Por Nivana Silva
Créditos da imagem: Escape into reality (What does a painting think?)” – Michal Trpák, 2007
Na reflexão sobre o “design de si”, desdobrada aqui no blog por Luciene Azevedo, chama atenção o tratamento do que Boris Groys considerou como “produção de um efeito de visibilidade”, vinculado à maneira como muitos artistas do contemporâneo constroem o seu “eu público”, a sua “autopoética”. Esse movimento – também atinente à “possibilidade de o artista transformar-se em obra”, como argumentado no post – parece apontar para outras formas de pensarmos a autoria, questão que não deixa de estar relacionada ao modus operandi de muitas expressões literárias da contemporaneidade.
As mudanças quanto à noção de autor no decorrer da história dizem respeito, dentre outras coisas, às modificações do que se entende por literatura. Sobre esse aspecto, há um interesse hoje na discussão sobre o deslocamento da arte em direção a outros campos e a novas configurações, o que, no caso do literário, conecta-se à ideia de pós-autonomia da qual Josefina Ludmer lança mão, sinalizando a fratura nas delimitações modernas entre ficção e realidade, autor e narrador, arte e não arte.
Trata-se, então, de um cenário que, além de não ter as fronteiras tão definidas como eram antes, relativiza a demanda da autonomia estética, tão cara à modernidade, colocando em evidência o produtor da obra, figura que, no contemporâneo, segundo Groys, está pronto para se envolver com a mídia e manter uma comunicação pública, como um modo de se engajar na “vida real” e de seduzir uma audiência maior.

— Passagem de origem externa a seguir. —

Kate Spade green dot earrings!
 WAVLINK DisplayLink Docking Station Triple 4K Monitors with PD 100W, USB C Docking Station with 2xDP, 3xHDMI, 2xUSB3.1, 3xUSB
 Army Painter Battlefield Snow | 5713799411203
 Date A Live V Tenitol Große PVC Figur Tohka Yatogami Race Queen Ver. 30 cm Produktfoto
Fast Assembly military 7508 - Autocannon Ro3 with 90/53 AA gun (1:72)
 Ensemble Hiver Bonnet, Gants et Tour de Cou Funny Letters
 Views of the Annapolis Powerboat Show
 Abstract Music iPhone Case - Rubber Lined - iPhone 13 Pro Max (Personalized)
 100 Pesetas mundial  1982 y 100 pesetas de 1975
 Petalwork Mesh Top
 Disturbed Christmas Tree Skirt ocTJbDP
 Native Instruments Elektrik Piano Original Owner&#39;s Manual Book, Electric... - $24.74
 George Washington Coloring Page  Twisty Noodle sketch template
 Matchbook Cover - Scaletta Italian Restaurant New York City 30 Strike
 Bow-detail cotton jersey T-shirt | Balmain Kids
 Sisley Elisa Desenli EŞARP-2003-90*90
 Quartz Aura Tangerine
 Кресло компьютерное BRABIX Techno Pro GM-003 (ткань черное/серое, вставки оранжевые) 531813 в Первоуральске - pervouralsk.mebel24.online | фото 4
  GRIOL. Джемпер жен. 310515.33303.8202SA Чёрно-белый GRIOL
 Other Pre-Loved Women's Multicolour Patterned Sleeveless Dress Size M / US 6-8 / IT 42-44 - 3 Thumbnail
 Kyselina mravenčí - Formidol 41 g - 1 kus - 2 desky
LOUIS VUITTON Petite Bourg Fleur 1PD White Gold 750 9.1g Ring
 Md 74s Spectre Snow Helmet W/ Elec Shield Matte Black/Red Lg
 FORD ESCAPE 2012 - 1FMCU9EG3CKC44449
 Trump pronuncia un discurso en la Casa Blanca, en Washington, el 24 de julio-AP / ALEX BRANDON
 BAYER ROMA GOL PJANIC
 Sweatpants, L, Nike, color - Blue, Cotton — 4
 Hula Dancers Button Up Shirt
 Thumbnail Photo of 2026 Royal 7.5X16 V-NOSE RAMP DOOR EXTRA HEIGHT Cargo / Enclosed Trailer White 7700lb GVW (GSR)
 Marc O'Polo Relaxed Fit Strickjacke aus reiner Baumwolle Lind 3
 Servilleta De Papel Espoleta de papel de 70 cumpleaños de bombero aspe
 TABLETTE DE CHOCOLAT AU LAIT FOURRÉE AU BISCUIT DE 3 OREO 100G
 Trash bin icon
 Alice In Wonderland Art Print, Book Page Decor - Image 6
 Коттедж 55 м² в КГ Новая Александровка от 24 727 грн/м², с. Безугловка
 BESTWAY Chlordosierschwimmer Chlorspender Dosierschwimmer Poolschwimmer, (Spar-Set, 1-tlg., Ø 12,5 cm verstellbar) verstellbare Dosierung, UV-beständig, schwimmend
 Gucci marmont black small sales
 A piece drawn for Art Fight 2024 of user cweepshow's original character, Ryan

Vemos, assim, um sujeito autoral que se dispõe a atuar não só no texto – quando, por exemplo, cria personagens homônimos, ou registra a experiência do vivido, complicando a separação entre realidade e ficção – mas também na construção de um eu público, que transita fora do material textual e influencia as interpretações e especulações críticas em torno do seu nome de autor e de sua obra.
Estou sugerindo com isso que outros protocolos de leitura, diferentes dos da modernidade, são acionados diante do que pode ser chamado de “obras autopoéticas”. Atribuir-lhes sentido exige do leitor um exercício que extravasa os contornos da verossimilhança e da suspensão da descrença – o aceitar o trabalho da ficção como internamente verdadeiro – porquanto essas obras jogam com elementos que se encontram exteriores ao universo artístico/literário e que estão amalgamados à instância autoral. Em outras palavras, o pacto de leitura demanda uma negociação que extrapola os limites do texto, pois só ele não parece ser suficiente para o entendimento de um trabalho “autopoético”.
Logo, a análise da arte contemporânea com foco no produtor e não no consumidor, conforme sugerido pelo filósofo alemão e comentado por Azevedo, me faz pensar que esses protocolos de leitura e o papel do público podem ser determinantes para a construção do nome de autor. Longe de parecer contraditório (já que o foco é no produtor) e de direcionar os holofotes para o espectador, o que quero afirmar é que as interpretações e especulações críticas sobre a obra são impactadas, sobremaneira, pela produção de imagens, pelas tomadas de decisões, pela performance, em suma, pelo modo como uma “autopoética” autoral, se podemos falar assim, é forjada.
Colocando em xeque a autonomia do fazer literário e as categorias, até então sólidas, da literatura e de seus entornos, o autor da cena atual também contribui para diluir uma suposta identidade estável por trás de seu nome, apesar de estar mais presente e ativo do que nunca.